_RECORDS SUPPLIED:_
════════════════════

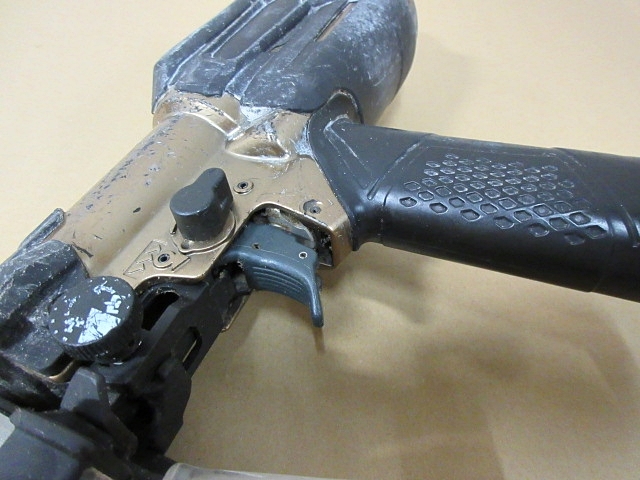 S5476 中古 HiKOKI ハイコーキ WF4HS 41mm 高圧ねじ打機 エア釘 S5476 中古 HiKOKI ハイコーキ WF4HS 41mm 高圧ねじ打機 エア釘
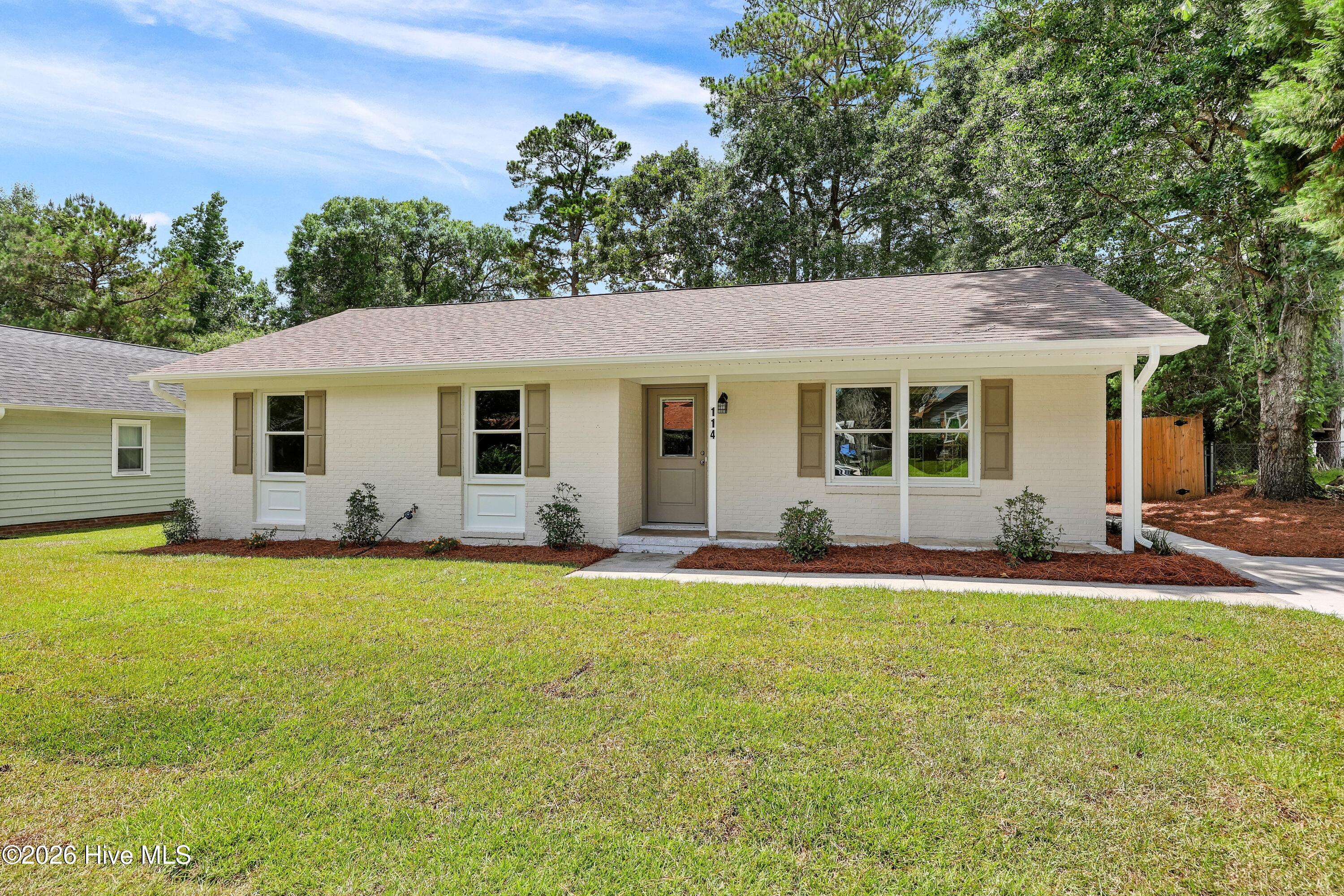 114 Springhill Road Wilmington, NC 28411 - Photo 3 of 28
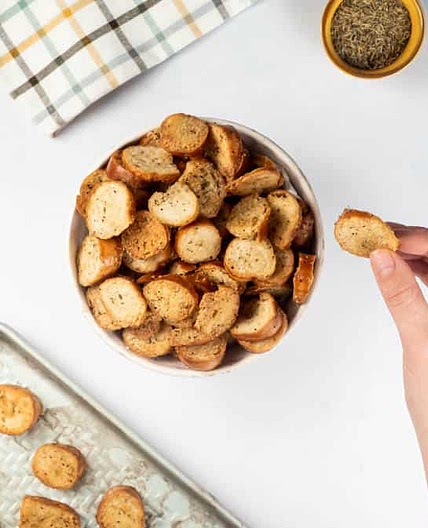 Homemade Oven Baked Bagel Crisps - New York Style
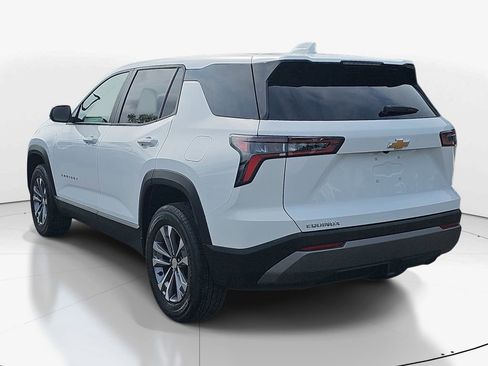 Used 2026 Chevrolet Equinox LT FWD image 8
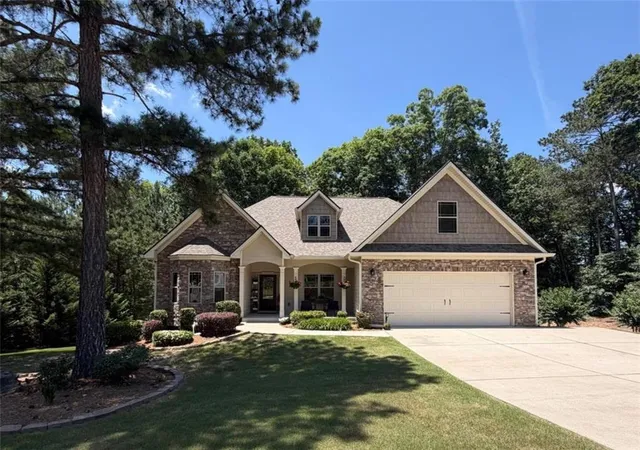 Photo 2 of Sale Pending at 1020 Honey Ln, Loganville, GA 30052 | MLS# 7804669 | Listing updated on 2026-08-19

════════════════════

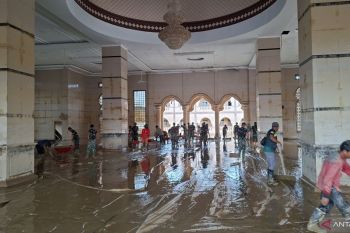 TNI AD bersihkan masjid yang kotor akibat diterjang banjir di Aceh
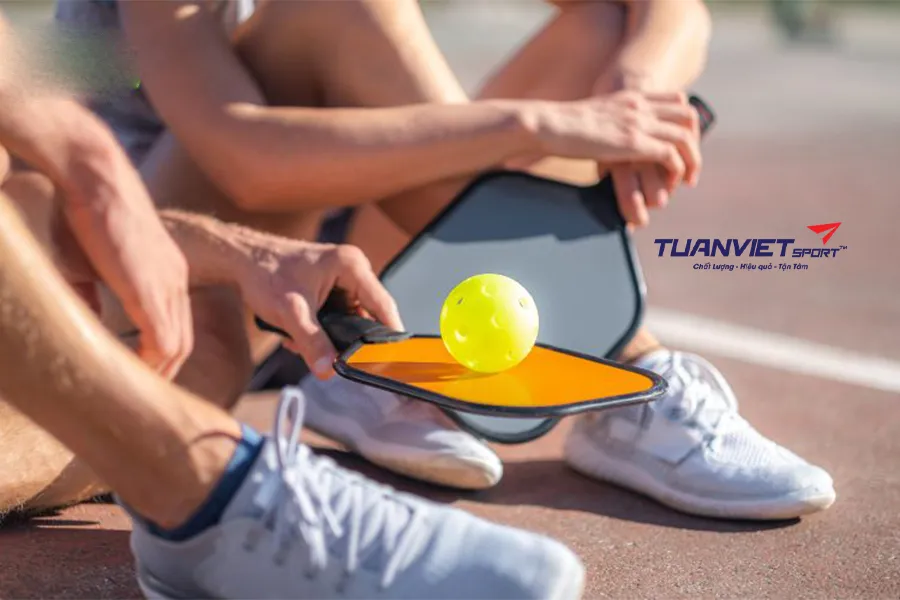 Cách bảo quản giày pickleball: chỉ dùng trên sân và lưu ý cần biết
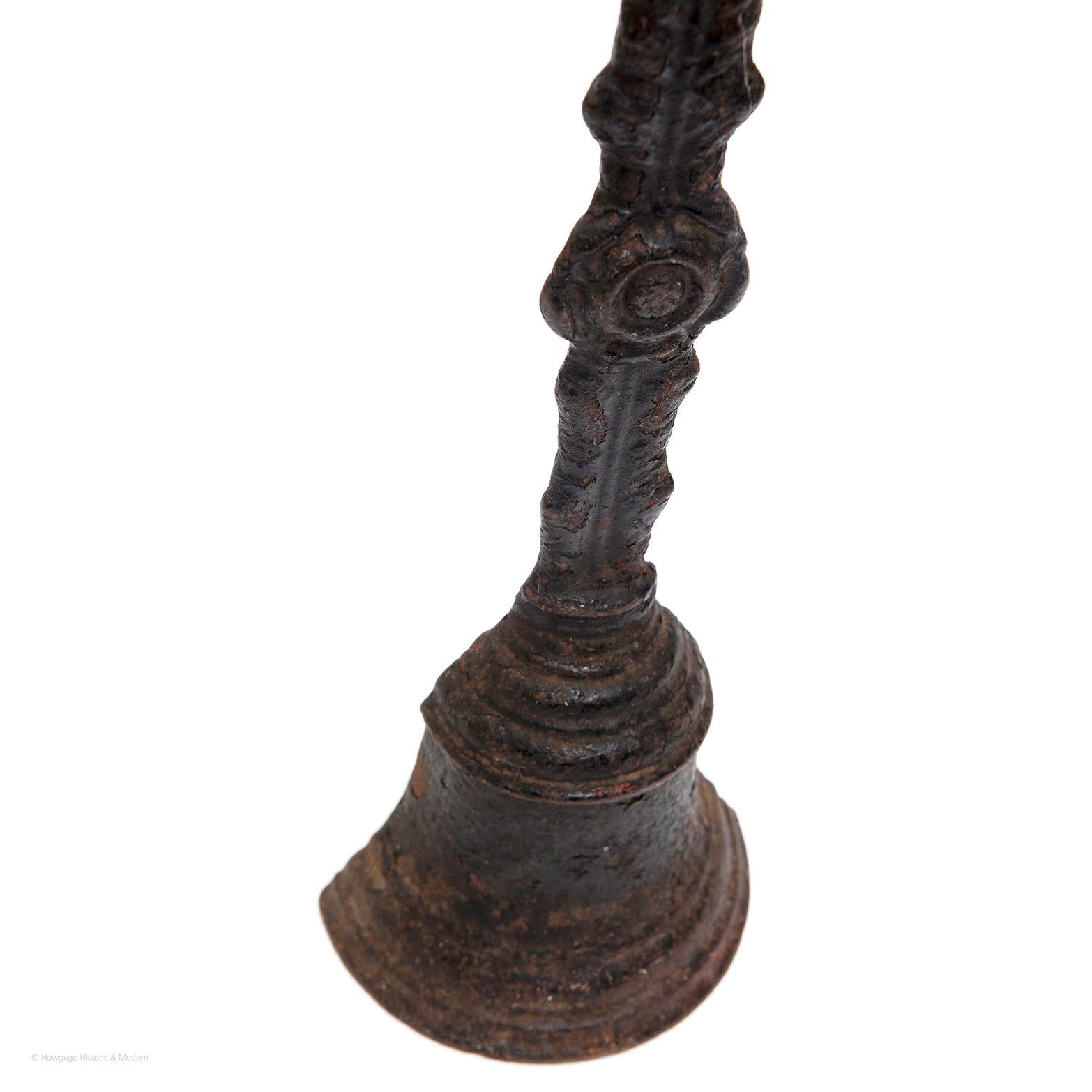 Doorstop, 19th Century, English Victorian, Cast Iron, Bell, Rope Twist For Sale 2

════════════════════

_PROBLEM TO SOLVE:_
A clean copy is needed of the lines in the listing above from the one with "Used 2026 Chevrolet Equinox LT FWD image 8" through the one with "Photo 2 of Sale", exact in every word and free of pictures.

_TASK RESULT:_
 Used 2026 Chevrolet Equinox LT FWD image 8
 Photo 2 of Sale Pending at 1020 Honey Ln, Loganville, GA 30052 | MLS# 7804669 | Listing updated on 2026-08-19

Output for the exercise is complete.